___ Supplied information

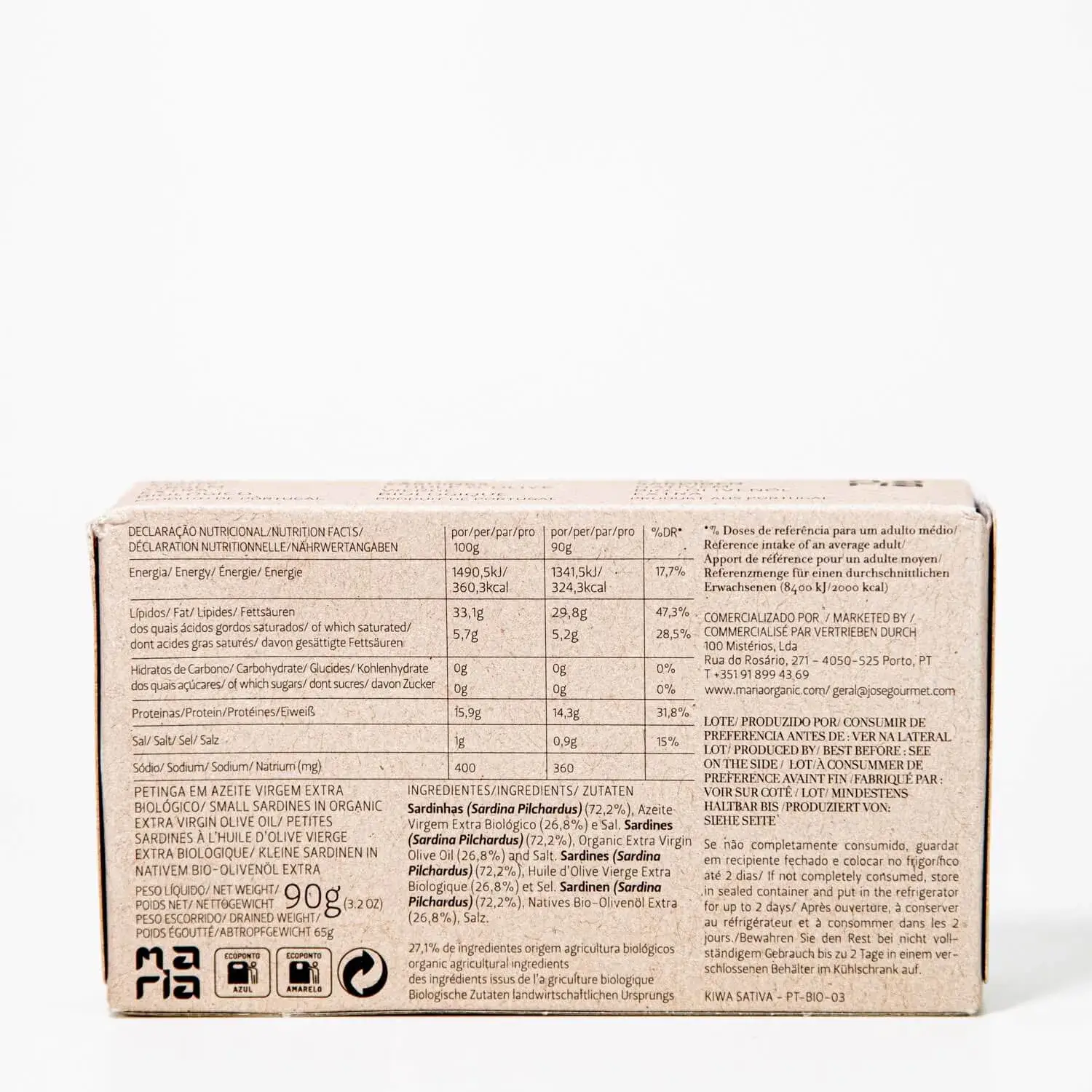 Sardientjes in biologische extra vierge olijfolie - afbeelding 2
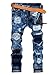 Men's Ripped Badges Slim Fit Jeans Blue A161 40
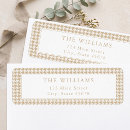 Search for houndstooth return address labels Classic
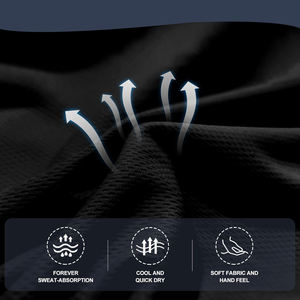 เสื้อทำงานแขนสั้นสีดำสะท้อนแสงพร้อมกระเป๋าด้านหน้าที่ใช้งานได้จริงและแถบสะท้อนแสงแบบกว้างเพื่อการมองเห็นสูงสุด - Product Image 6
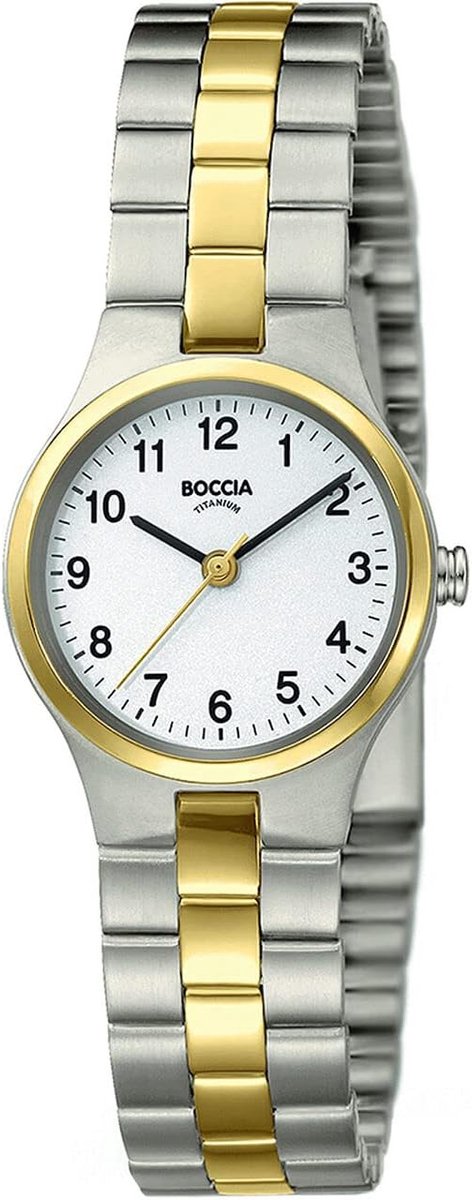 Dameshorloge Analoog - Tijdloze Accessoire - Dagelijks Gebruik - Titanium Armband - 25mm Kastdiameter - Zilver Goud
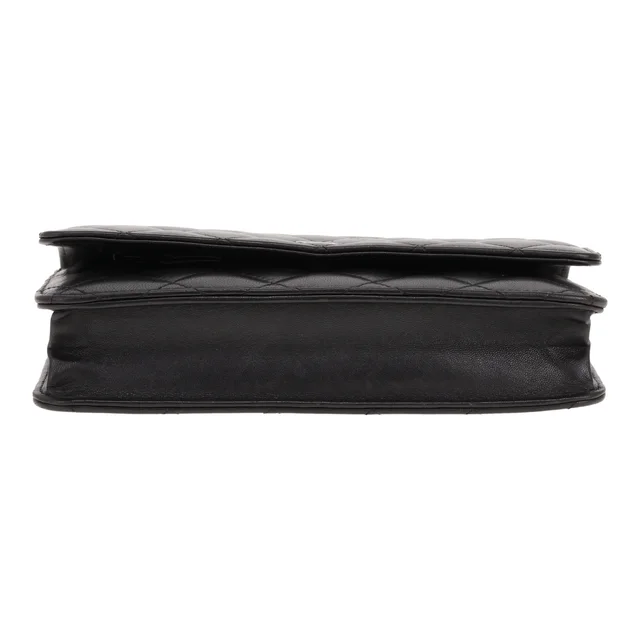 Chanel ‘Wallet on Chain’ shoulder bag in Black Leather from Collector Square, photo 3 of 5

______

* **Exercise instructions**:
Retype, word for word, the lines from the one with "Dameshorloge Analoog - Tijdloze" through the last line of the entries above, and only those lines. Leave pictures out.

* **Answer to this problem**:
 Dameshorloge Analoog - Tijdloze Accessoire - Dagelijks Gebruik - Titanium Armband - 25mm Kastdiameter - Zilver Goud
 Chanel ‘Wallet on Chain’ shoulder bag in Black Leather from Collector Square, photo 3 of 5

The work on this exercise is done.